See [rasptorch CLI.md](rasptorch%20CLI.md) for **complete CLI documentation**, including training, saving/loading models, and agent integration.


## GPU Training (Vulkan)

There are currently two “modes” of training in this repo:

- **CPU autograd training** (PyTorch-like): uses the NumPy-backed autograd engine.
- **Vulkan GPU training** (explicit kernels): runs forward + backward + SGD updates on GPU
  using purpose-built compute shaders.

The Vulkan training path lives in `rasptorch/gpu_training.py` and currently supports a
2-layer MLP:

`Linear -> ReLU -> Linear` with MSE loss and SGD.

The general `gpu-autograd` path supports substantially more model-building pieces than the
explicit `gpu` trainer, including adaptive optimizers, additional activations, LayerNorm,
BatchNorm, Embedding, and MultiheadAttention.

Run it via:

- `uv run main.py --device gpu --epochs 50 --batch-size 32 --lr 0.1`

Saving weights (PyTorch-style `.pth`):

- `uv run main.py --device gpu --epochs 50 --save model.pth`
- If `torch` is installed, this is a real `torch.save(...)` file loadable via `torch.load("model.pth")`.
- If `torch` is not installed, rasptorch falls back to writing a pickle payload (same keys, **not** `torch.load` compatible).

## GPU Autograd (WIP)

There is now an experimental **gpu-autograd** mode that enables `loss.backward()` even when
the model and activations live on GPU, for a limited set of ops.

Run it via:

- `uv run main.py --device gpu-autograd --epochs 50 --batch-size 32 --lr 0.1`

Currently supported (GPU) in autograd:

- `+`, `*`, `-` (scalar and tensor forms), `@` (matmul)
- scalar ops: `tensor + s`, `tensor * s`, `tensor / s`, plus `s + tensor`, `s * tensor`, `s - tensor`
- `neg`, `relu`, `gelu`, `silu`, `leaky_relu`, `elu`, `sum`, `mean`, `T` (2D transpose)
- tensor shape/join helpers: `unsqueeze`, `squeeze`, `flatten`, `permute` (common tensors up to 4D), `transpose(dim0, dim1)`, `cat`, `stack`, `split`, `chunk`
- `functional.softmax` / `functional.log_softmax` (2D row-wise, `dim=-1/1`)
- `nn.LayerNorm` (2D inputs, 1D `normalized_shape`; `eps=1e-5` stays on GPU, other `eps` values fall back to CPU)
- `nn.BatchNorm1d`, `nn.BatchNorm2d`, `nn.Embedding`, `nn.MultiheadAttention`
- `Linear` backward (GPU grads for `weight`/`bias`)
- `SGD.step()` updates GPU parameters in-place (SGD + optional momentum/weight decay)
- `Adam.step()`, `AdamW.step()`, `RMSProp.step()` update GPU parameters in-place
- `functional.cross_entropy(logits, target_onehot)` (softmax cross-entropy, mean reduction)

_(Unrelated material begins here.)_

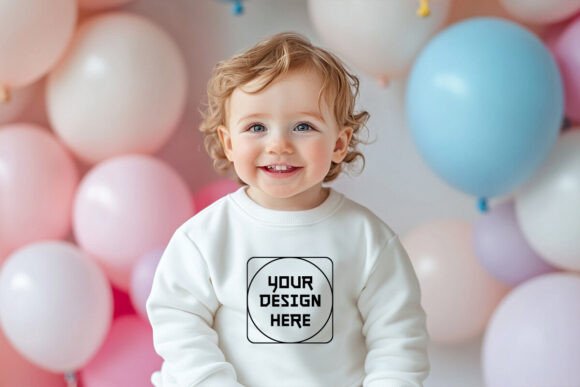Happy New Year Mockup for Graphics and Product Mockups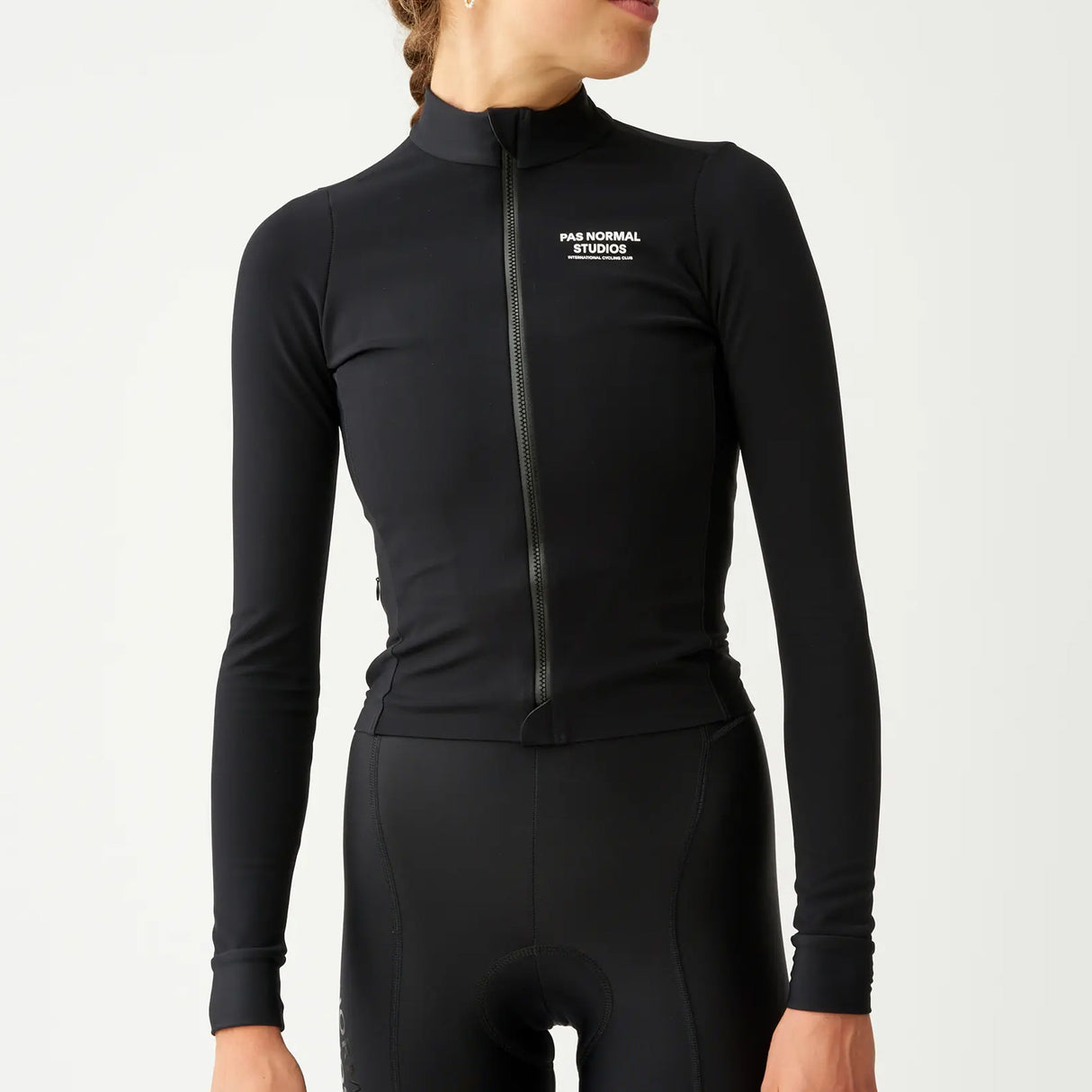 Maglia donna maniche lunghe Pas Normal Studios Mechanism - Nero Pas Normal Studios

Also available on the CPU autograd path:

- `GRU` backward
- `Tensor.__getitem__` / slicing
- axis-based `sum(axis=...)` / `mean(axis=...)`
- `max(axis=...)` / `min(axis=...)` with autograd
- `argmax(axis=...)` / `argmin(axis=...)`
- `nn.MaxPool2d` / `nn.AvgPool2d`

Also available across the library:

- LR schedulers: `StepLR`, `MultiStepLR`, `ExponentialLR`, `CosineAnnealingLR`, `ReduceLROnPlateau`, `WarmupScheduler`
- Initialization helpers: `kaiming_*`, `xavier_*`, `orthogonal_`, `uniform_`, `normal_`, `zeros_`, `ones_`, `constant_`
- Gradient utilities: `clip_grad_norm_`, `clip_grad_value_`, `l1_regularization`, `l2_regularization`, `total_variation_loss`
- AMP surface: `rasptorch.amp.autocast()` and `rasptorch.amp.GradScaler`

Tip: `rasptorch.no_grad()` exists (like PyTorch) to disable graph building during evaluation.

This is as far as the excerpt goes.